WHAT THE EXERCISE ASKS :: Everything from the line that contains "Physical Location Map" through the last line below should be transcribed exactly, except the pictures.

EXERCISE INPUTS ::

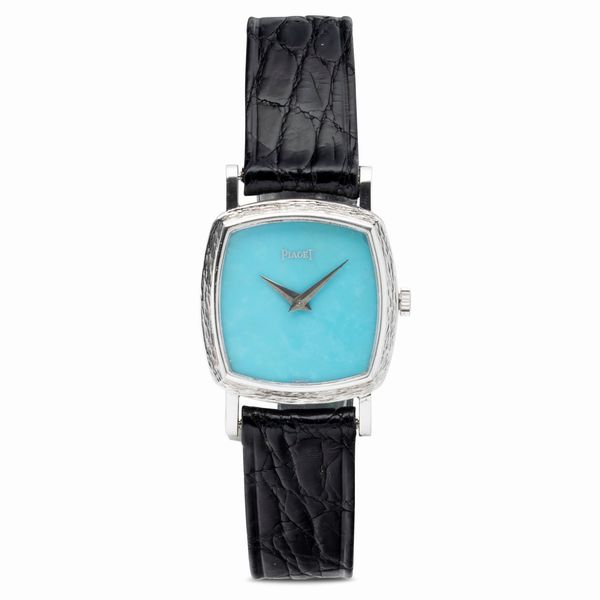 Piaget : Raffinato Lady in oro bianco 18k con quadrante in pietra dura turchese, carica manuale e cinturino in pelle  - Asta Orologi da Polso e da Tasca - Associazione Nazionale - Case d'Asta italiane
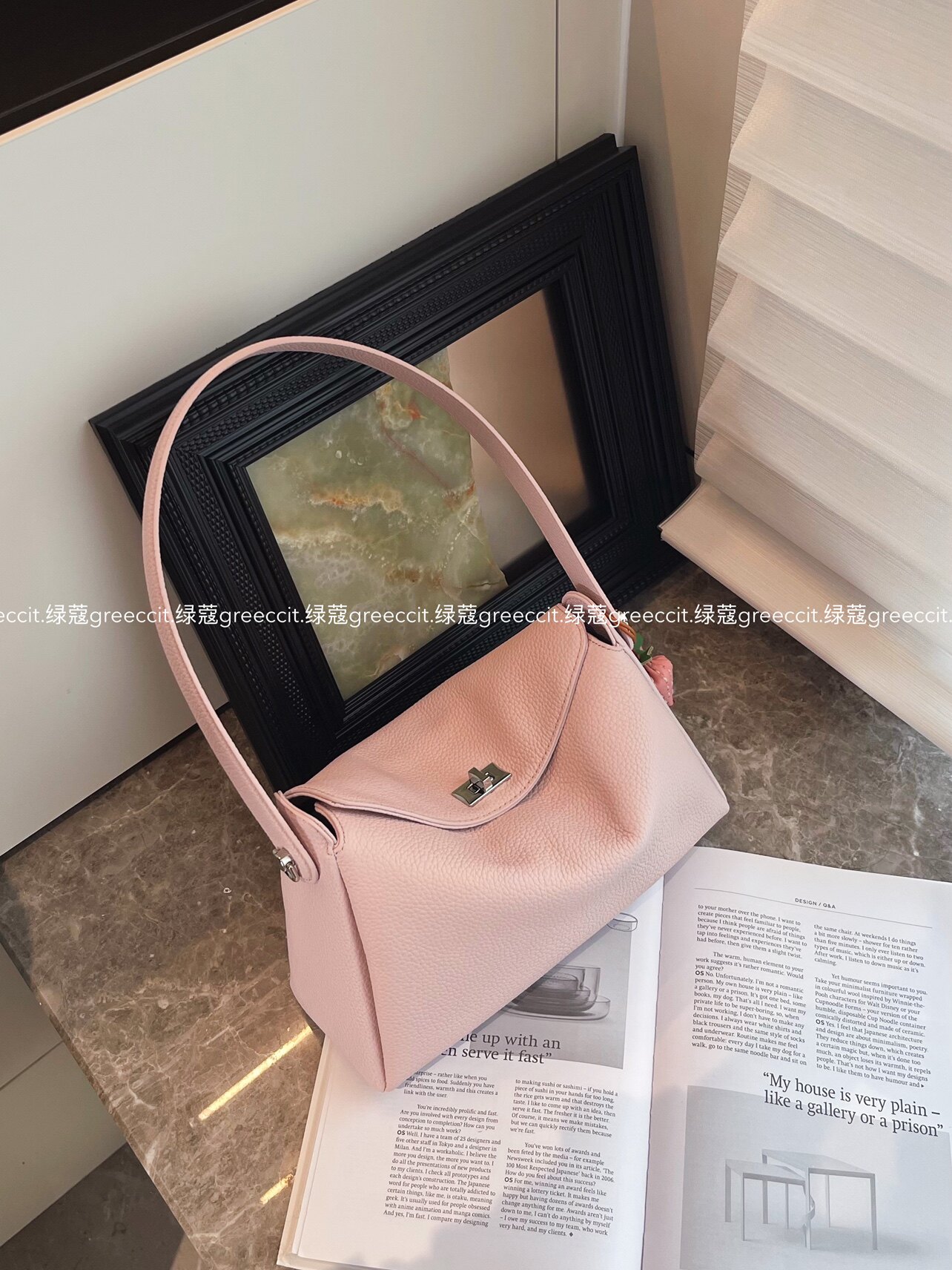 绿蔻Greeccit 花茶一杯 软牛皮头层牛皮小众设计新款气质款腋下包
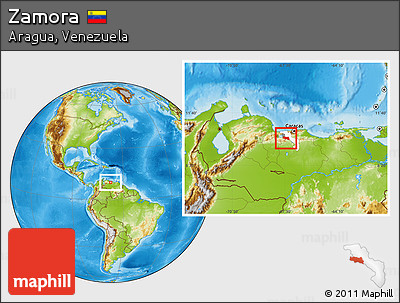 Physical Location Map of Zamora, highlighted parent region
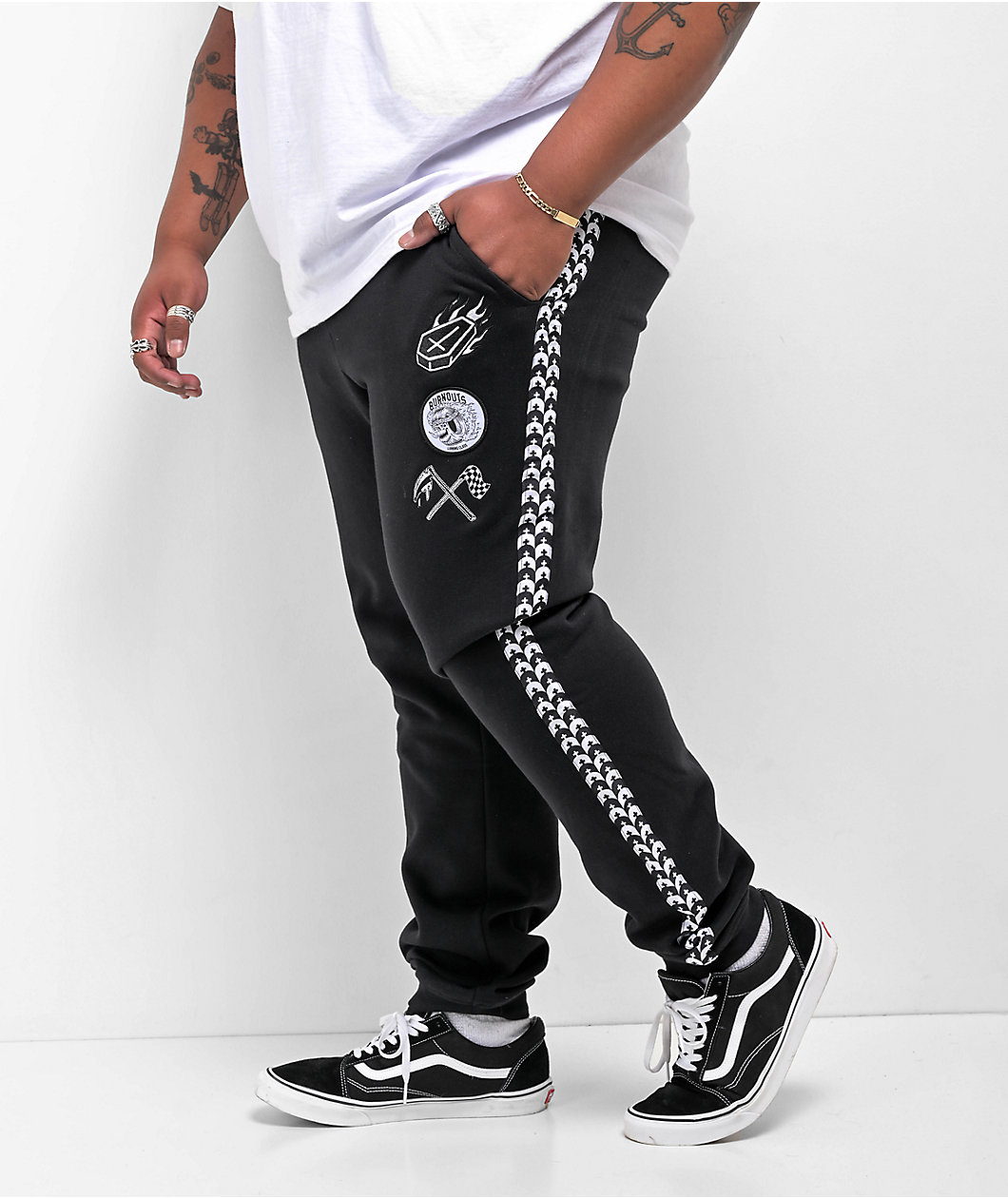 Lurking Class by Sketchy Tank Grave Check Black Sweatpants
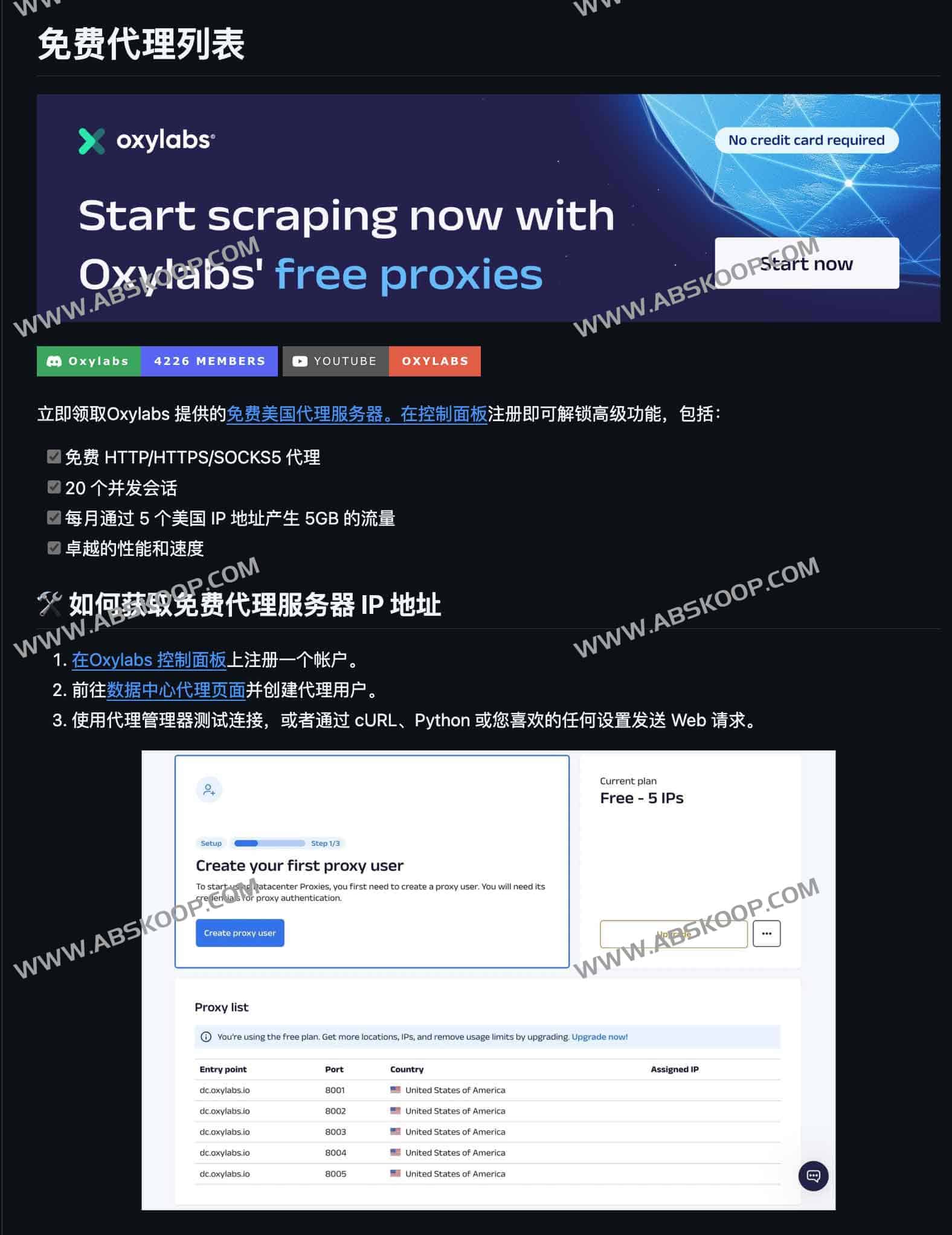 Oxylabs 免费美国代理列表：HTTP/HTTPS/SOCKS5，5 个 US IP 与 5GB/月流量，轻松集成：Free Proxy List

RESPONSE FOR THIS EXERCISE ::
 Physical Location Map of Zamora, highlighted parent region
 Lurking Class by Sketchy Tank Grave Check Black Sweatpants
 Oxylabs 免费美国代理列表：HTTP/HTTPS/SOCKS5，5 个 US IP 与 5GB/月流量，轻松集成：Free Proxy List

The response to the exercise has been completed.